Filson’s newest London store opened in late 2015 on Newburgh Street, Soho – a stone’s throw away from its first site in the capital, which opened in 2013. Having the two shops opposite each other seems like a unusual strategy and one that not many brands have tried before. But it would seem enthusiasm for the location, rather than economics or commercial thinking, drove the move.
“Filson loves this area. We love this street and there are a lot of other great, like-minded brands around us that our customers really identify with,” Madden explains. One of the brands Madden is referring to, Shinola, became a sister company with Filson when it was acquired by Bedrock Manufacturing Co. in 2012. It signalled the start of an aggressive but measured push of Filson’s ambitions: European expansion while upholding the brand’s ideals.
Being over 100 years old, Madden views Filson as an ageing house that needed attention. “You can either start with a clean slate and build it from the ground up, or you buy an old home with great bones, great architecture… but maybe there’s some bad wiring or the plumbing needs work,” he says. “Filson has been asleep for the majority of its life, with no investment of money, time or energy, until now – it’s been a sort of restoration project.”
When discussing how vital it is for Filson to stick to its design heritage, Madden brings up the ‘Short Cruiser’ jacket that he is wearing, originally produced over a century ago. Filson has stuck to the principles embodied by this jacket and went on to both innovate and improve its templates with better fabrics and materials. Following the appointment of creative director Alex Carleton, this has become a growing area for Filson over the past 18 months.

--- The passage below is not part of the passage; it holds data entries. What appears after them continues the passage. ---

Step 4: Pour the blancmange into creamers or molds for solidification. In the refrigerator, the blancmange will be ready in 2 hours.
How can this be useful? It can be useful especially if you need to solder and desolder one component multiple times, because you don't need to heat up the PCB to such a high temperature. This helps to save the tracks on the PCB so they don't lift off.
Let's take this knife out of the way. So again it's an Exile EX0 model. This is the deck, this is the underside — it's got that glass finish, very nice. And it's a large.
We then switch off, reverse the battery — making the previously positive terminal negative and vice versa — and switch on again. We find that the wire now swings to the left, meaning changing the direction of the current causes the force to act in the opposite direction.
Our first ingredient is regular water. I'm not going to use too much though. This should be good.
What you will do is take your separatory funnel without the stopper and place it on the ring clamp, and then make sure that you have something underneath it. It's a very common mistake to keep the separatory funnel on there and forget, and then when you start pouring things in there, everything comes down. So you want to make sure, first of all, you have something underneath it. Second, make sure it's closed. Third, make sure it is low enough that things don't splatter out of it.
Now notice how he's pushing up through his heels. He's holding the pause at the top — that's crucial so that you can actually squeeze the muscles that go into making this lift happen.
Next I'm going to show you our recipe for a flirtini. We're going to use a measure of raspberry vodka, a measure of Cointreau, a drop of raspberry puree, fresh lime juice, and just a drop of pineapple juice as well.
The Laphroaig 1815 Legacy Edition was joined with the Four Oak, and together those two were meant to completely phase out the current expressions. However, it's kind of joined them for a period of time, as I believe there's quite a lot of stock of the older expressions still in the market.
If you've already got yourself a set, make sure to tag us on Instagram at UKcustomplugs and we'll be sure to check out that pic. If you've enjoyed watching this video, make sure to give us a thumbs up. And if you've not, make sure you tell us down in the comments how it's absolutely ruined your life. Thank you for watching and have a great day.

“Alex is a really interesting guy in that he has a great history with both Ralph Lauren and his own brand… He’s from the design industry but doesn’t think ‘fashionable’,” Madden says. “One of the things that Alex and his team are helping with is the fact that we have been an apparel brand and now a bag brand for 25 years. The apparel that we make is mostly coats, so it’s easy to see that there are places in which we can add to the assortment, with woven shirts, knitwear, T-shirts, sweatshirts and more trousers and pants.”
Filson already has a strong and loyal customer following, partly due to the fact that all its products are 100 per cent guaranteed for life. By simply expanding its offering of apparel, the label is seeing that it doesn’t need to go out and chase what’s in vogue. Instead, Madden suggests, Filson can just make more product for those who are already fans of the brand.
“In recent years there has been a surge in the popularity of Americana workwear brands in Europe, particularly in the UK,” he says. “Trends come and go, but what Filson isn’t going to do is ‘chase the trend’.”